- **What you will do**:
What you return should match the material below line for line, except that no image appears in it.

- **Supplied information**:
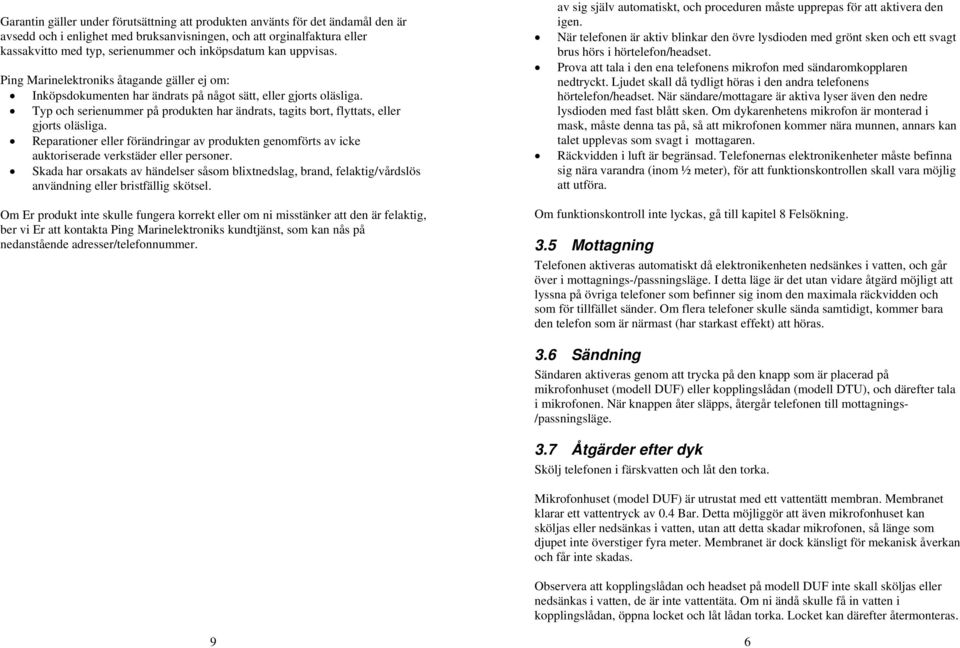 Typ och serienummer på produkten har ändrats, tagits bort, flyttats, eller gjorts oläsliga. Reparationer eller förändringar av produkten genomförts av icke auktoriserade verkstäder eller personer.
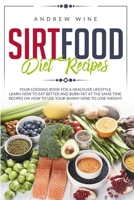 Sirtfood diet recipes: Your Cooking Book for a Healthier Lifestyle. Learn How to Eat Better and Burn Fat at the Same Time. Recipes on How to Use Your Skinny Gene to Lose Weight. 1801448620 Book Cover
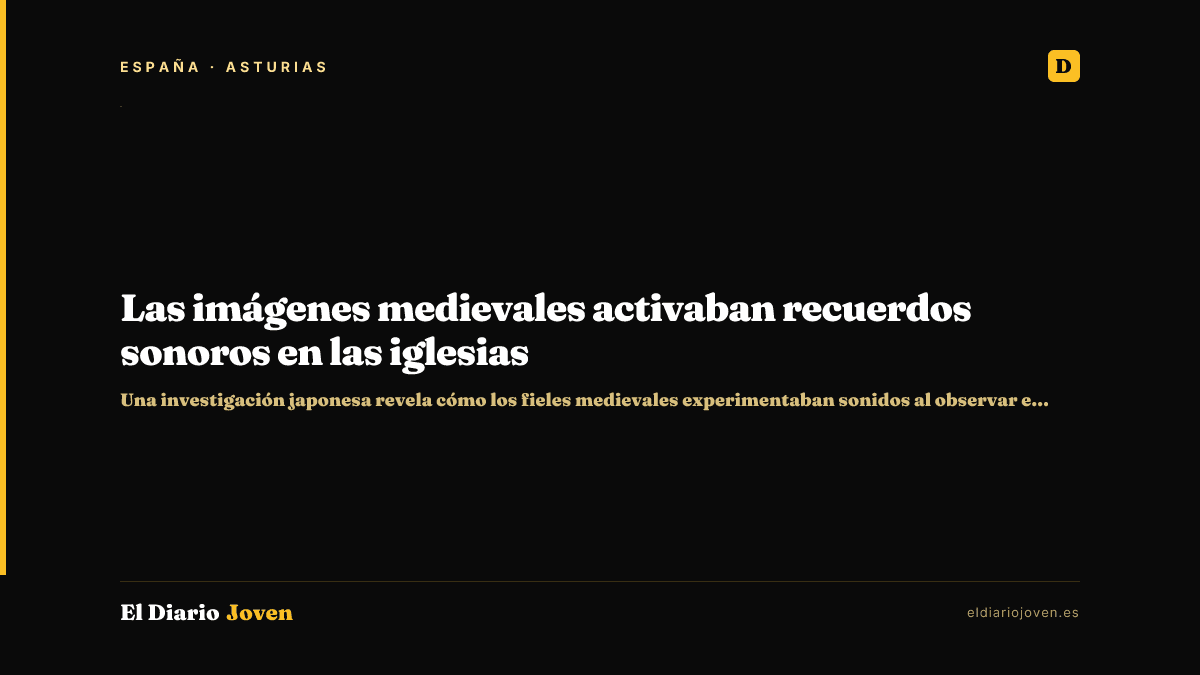 Las imágenes medievales activaban recuerdos sonoros en las iglesias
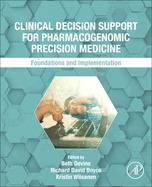 Clinical Decision Support for Pharmacogenomic Precision Medicine: Foundations and Implementation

- **Your solution**:
 Typ och serienummer på produkten har ändrats, tagits bort, flyttats, eller gjorts oläsliga. Reparationer eller förändringar av produkten genomförts av icke auktoriserade verkstäder eller personer.
 Sirtfood diet recipes: Your Cooking Book for a Healthier Lifestyle. Learn How to Eat Better and Burn Fat at the Same Time. Recipes on How to Use Your Skinny Gene to Lose Weight. 1801448620 Book Cover
 Las imágenes medievales activaban recuerdos sonoros en las iglesias
 Clinical Decision Support for Pharmacogenomic Precision Medicine: Foundations and Implementation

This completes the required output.